The method may include translating the final search results from a foreign language into the English language. This step may include detecting the foreign language and then applying a translation application to translate the text from the foreign language into English.
Assessing the preliminary search results to confirm that the preliminary search results exceeds a predefined minimum match threshold may include comparing the text found with the set of search terms searched for and compiling a correlation score between the search terms and the search results. The set of predefined assessment criteria may include the ideology of the subject, the tone used by the subject, the emotional expression of the subject, the language used by the subject, the associations of the subject, the interests of the subject.
Compiling the final search results in a structured database may include arranging the text of the search results into fields in a database. For example, the structured database may contain the following fields: an unique system identifier, source where the information was found, subject identifier, information extracted from the source, ideology allocated to the subject, an emotional score of the subject, a language usage score, entities or individuals with which the subject is associated, a tone that the subject uses, interests of the subject, and the like.
Assessing the text of the final search results in the structured database in relation to a set of predefined assessment criteria may include categorizing the language used in the text into a number of predefined alternatives for at least some of the fields in the database. For example the source where the information was found may include: news feeds, blogs, forums, websites, radio, social media sites, and the like. The subject identifier may include: a name, social media account, identity number, physical address, mobile number, employer details, and the like. The ideology allocated to the subject following analysis of the text may include: right wing, conservative, left wing, mixed ideology, Christian, communist Nazi, anti-EU, American Baptist, Anti-corruption, and the like. The emotional score of the subject may include: happy, sad, nervous, worried, cross and the like. The language usage score may include: foul, offensive, profanity, bad words, swear words, political, sexual, racial and the like. The tone that the subject uses may include: appreciative, ardent, arrogant, bitter, compliant, critical, confused, condescending and the like. The interests of the subject may include: aircraft spotting, airbrushing, airsoft, acting, aeromodelling, amateur astronomy, amateur radio, animals/pets/dogs, archery, soccer, judo, base jumping, basketball beach/sun tanning, beachcombing and the like. Allocating a score to each element in the set of predefined assessment criteria according to a predefined scoring scheme may include allocating a numerical value to the results of each element in the set of predefined assessment criteria.

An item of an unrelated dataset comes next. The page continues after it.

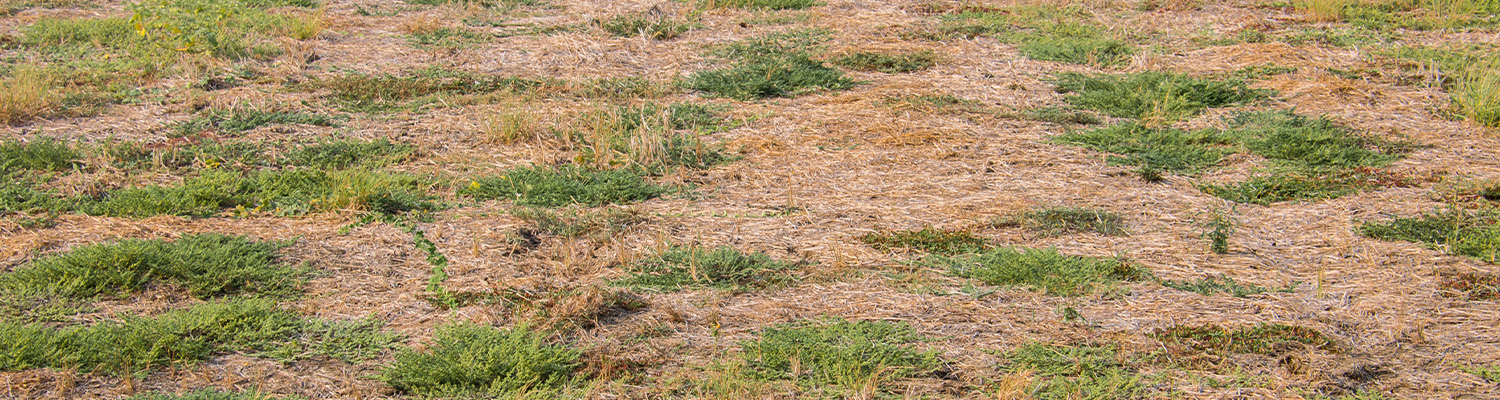 Dead grass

Allocating a score to each element in the set of predefined assessment criteria may include associating a weight to each element of the predefined assessment criteria.
Compiling a final score of a subject's social media presence by collating the scores of each of the elements in the set of predefined assessment criteria may include multiplying the score of each element in the set of predefined assessment criteria with the weight of the element of the predefined assessment criteria. The step may include normalising the final score to a percentage.
The method may include the step of allocating the normalised percentage into a predefined risk band. For example, the risk band may be defined as a score of between 0 and 50 % resulting in a subject being a low risk, a score of between 51 and 80% resulting in a subject being a medium risk and a score of between 81 and 100% resulting in a subject being a high risk.
The invention extends to a social media presence analysis system, which includes
a social listener, operable to receive social media inputs streams;
a language analysis layer, operable to detect a foreign language in which text is received and to translate the language of text into English;
a structured database arranged to store the English text in a set of predefined data fields;
a natural language processor, operable to access data from the structured database and to analyse the language of the text in relation to a set of predefined assessment criteria;
a social media scoring engine, operable to receive inputs from the natural language processor and to calculate a score of a subject based on the subject's social media presence. The score calculated by the social media score calculator may be indicative of a social media risk score of a subject.
The invention will now be described by way of a non-limiting example only, with reference to the following drawing.
DRAWINGS
In the drawings:
Figure 1 shows a broad overview of a method of allocating a score to a subject's Internet presence in accordance with one aspect the invention;
Figure 2 shows an overview architecture of a social media presence analysis system in accordance with one aspect of the invention;
Figure 3 shows operation of a social listener as part of the method of Figure 1 ;
Figure 4 shown operation of the data structuring and language translation layer as part of the method of Figure 1 ;
Figure 5 shows operation of the data file preparation for the scoring engine forming part of the method of Figure 1 ;
Figure 6 shows a functional block diagram of a scoring engine in accordance with the invention;
Figure 7 shows schematically the importation of third party data as part of the method of Figure 1 ;
Figure 8 shows schematically a database in which the data generated as part of the method of Figure 1 is stored;
Figure 9 shows schematically examples of how the data generated by the scoring system can be analysed;
Figure 10 shows data fields of the database of Figure 8; and
Figure 11 shows assessment of the data analysis illustrated in Figure 9.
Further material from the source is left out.